A private tour of Vatican City and the Sistine Chapel on a cold, grey November morning arranged for a core Conclave creative team — including director Edward Berger, cinematographer Stéphane Fontaine and production designer Suzie Davies — provided a production epiphany for the chosen few.

“You’re not allowed to enter the Vatican with a camera,” says Fontaine, who earns a first Bafta nomination for his work on Conclave — one of 12 achieved by the film. “Luckily a select few were allowed to go inside the Vatican City, walk the streets and develop a different understanding of life behind the walls.”

Adapted by Peter Straughan from Robert Harris’s novel of the same name, the story unfolds in the immediate aftermath of a pope’s demise, as cardinals from around the world gather for a conclave to elect his successor.
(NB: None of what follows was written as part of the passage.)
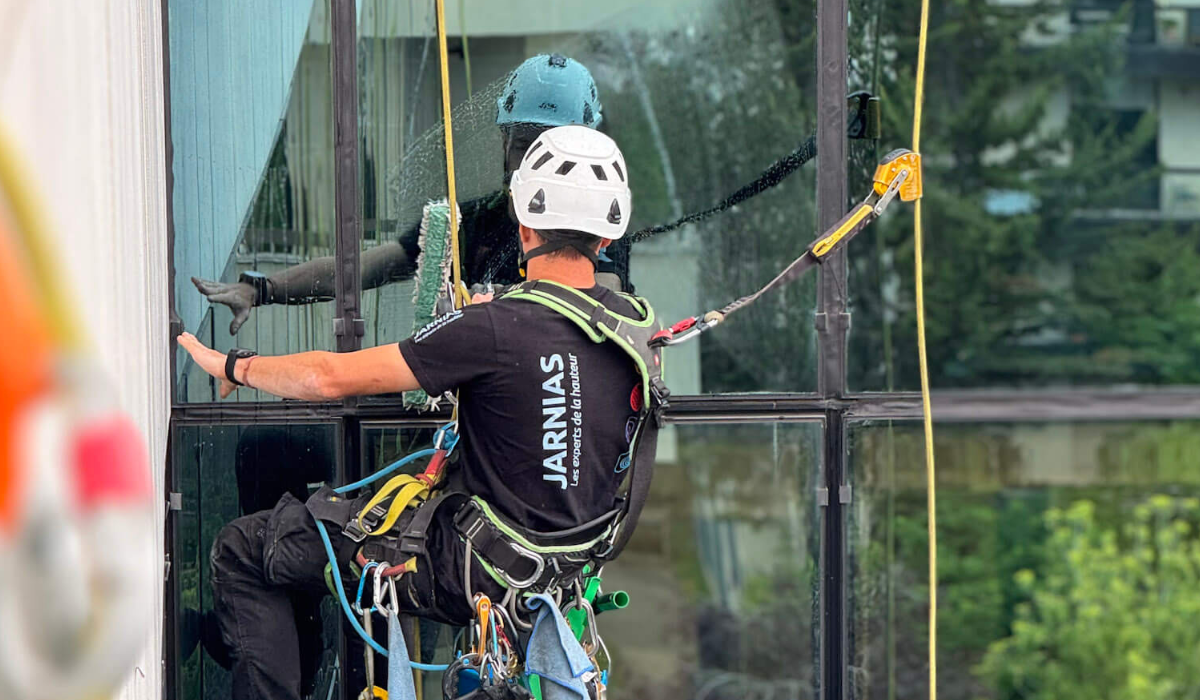 travaux-en-hauteur-guide-complet-interventions-securisees-efficaces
The process is led by a reluctant Cardinal Lawrence (Ralph Fiennes), while candidates representing the Catholic church’s factions — from liberal to moderate to various stripes of socially conservative and reactionary — jostle for votes.

Ralph Fiennes, as Cardinal Lawrence, with cinematographer Stephane Fontaine

Source: Phillipe Antonello / Focus Features

Ralph Fiennes, as Cardinal Lawrence, with cinematographer Stephane Fontaine

The conclave takes place with the cardinals and the nuns looking after them — led by head housekeeper Sister Agnes (Isabella Rossellini) — locked away from the outside world with shutters drawn, blinds down, and only candles and artificial light. They spend their time between the pope’s quarters, cardinal and priest accommodation, separate board and lodgings for the nuns, and the Sistine Chapel for voting and debating.
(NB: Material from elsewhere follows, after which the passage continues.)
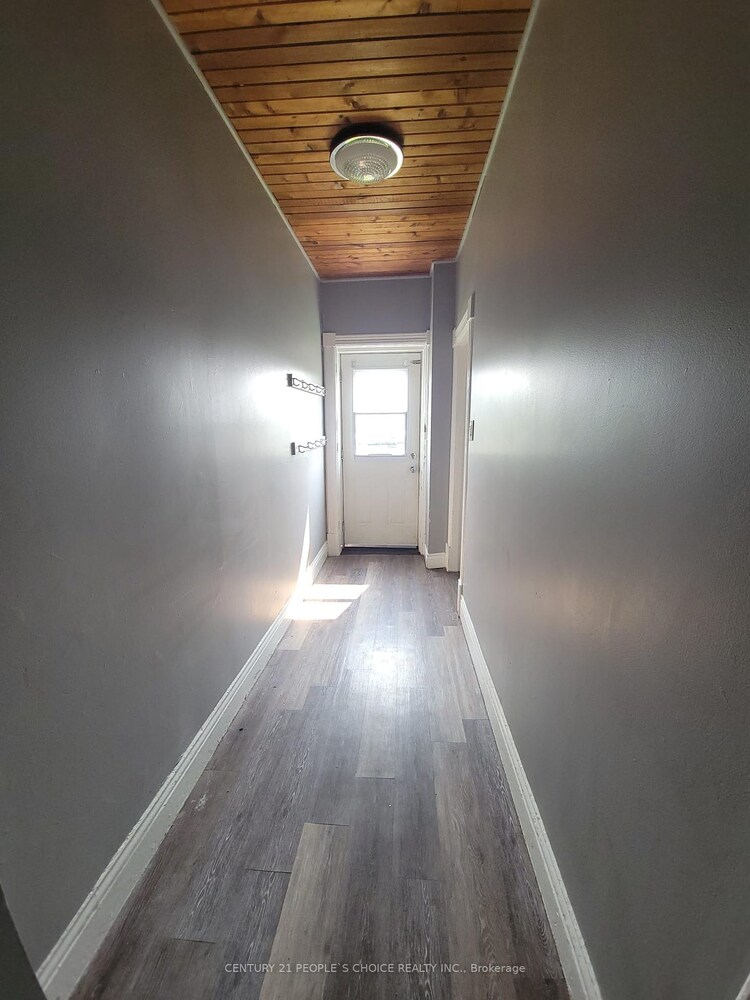 137-139 Stewart Street, Peterborough, ON, Town Ward 3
“Our tour was very early in the morning, all very dim, you could barely see anything in the Sistine Chapel,” recalls Fontaine. “It was impressive. There’s something which is hard to define, but it is something palpable in the air, something that had to do with art, definitely, and also a sense of power that you could feel. It was a defining moment in my preparation for the film.”
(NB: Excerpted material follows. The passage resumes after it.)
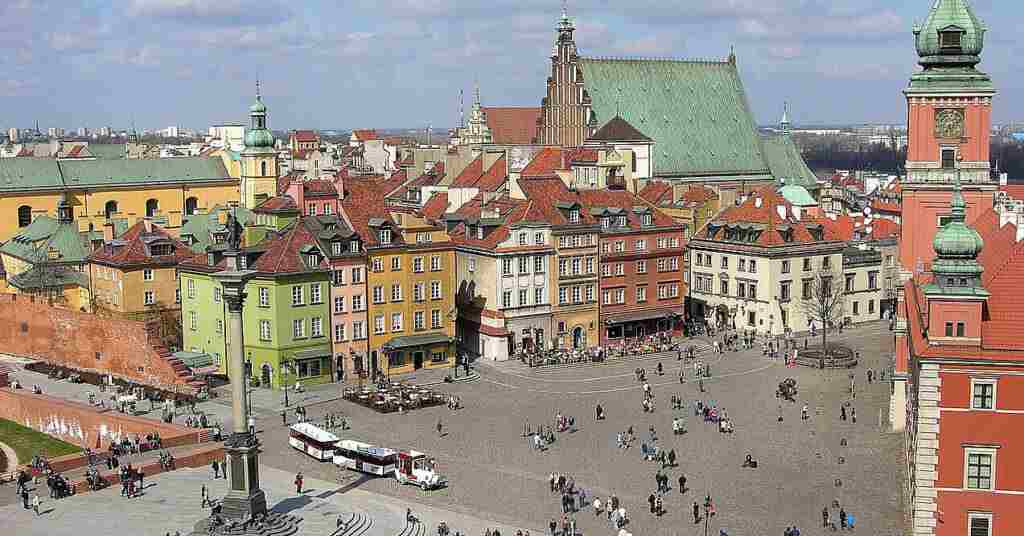 Опитування показало думки поляків щодо впливу українців на економіку Опитування показало думки поляків щодо впливу українців на економіку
The low-light tour informed the production team, who were only too aware that by page five of Straughan’s script there was to be no natural light for the majority of the film. “Early in the movie, they’re sequestered, which also means they cannot risk being eavesdropped on, so they have to close all the shutters and blinds in the quarters and the chapel,” explains Fontaine.

Berger began developing Conclave with producer Tessa Ross, the former Film4 chief, and Bafta-­winning screenwriter Straughan (Tinker Tailor Soldier Spy) around six years ago, predating the director’s multi-award-winning All Quiet On The Western Front. A graduate of École Nationale Supérieure Louis-­Lumière in the 1980s, Fontaine’s previous credits include A Prophet (2009), Captain Fantastic (2016) and Jackie (2016).

The cinematographer landed Conclave after fellow DoP James Friend, who shot All Quiet On The Western Front and Patrick Melrose with Berger, was not available and suggested Fontaine for the job. Fontaine was happy to step into Friend’s shoes.

“Edward was keen on not seeing too much of the faces at the beginning of the conclave,” says Fontaine. “In a way the challenge of little natural light became an asset. We wanted to create an even more claustrophobic mood and the dark helped.”

Conclave was shot using two digital Red Raptors, one often mounted on Steadicam. “We were facing two different challenges,” explains Fontaine. “One, we’ve got six storyboarded ballot scenes and we didn’t want them to look too repetitive, so we needed to find different angles for each of them. We also have a lot of talking heads, and we had to find a way to keep the attention of the audience.”

Attention is what has been empirically achieved, given the film’s $76m worldwide gross at press time, including $32m in North America for Focus Features and $8.7m (£7.1m) in the UK and Ireland for Black Bear.

The recce with Berger and department heads also informed the production of the scale and size of Vatican City: the cardinals are typically old but need to traverse quite long distances, and inhabitants may need to take buses to travel from one place to the next.

Even on a private tour, there were no-go zones including the Casa Santa Marta, a five-storey building boasting more than 106 suites, 22 single rooms and one apartment that sits on the edge of Vatican City.

The Prison-like setting of Casa Santa Maria

Source: Phillipe Antonello / Focus Features

The Prison-like setting of Casa Santa Maria

“We created the Casa Santa Marta to look quite different from the other elements, because that’s one place no-one knows about, you can’t go for a tour around it in the Vatican,” explains production designer Suzie Davies, whose credits include Hard Truths (2024), Saltburn (2023) and Mr. Turner (2014) — earning Bafta and Oscar nominations for the latter film. “It’s just pointed out on the tours of Vatican City as, ‘It’s over there,’ and is quite an ugly building.”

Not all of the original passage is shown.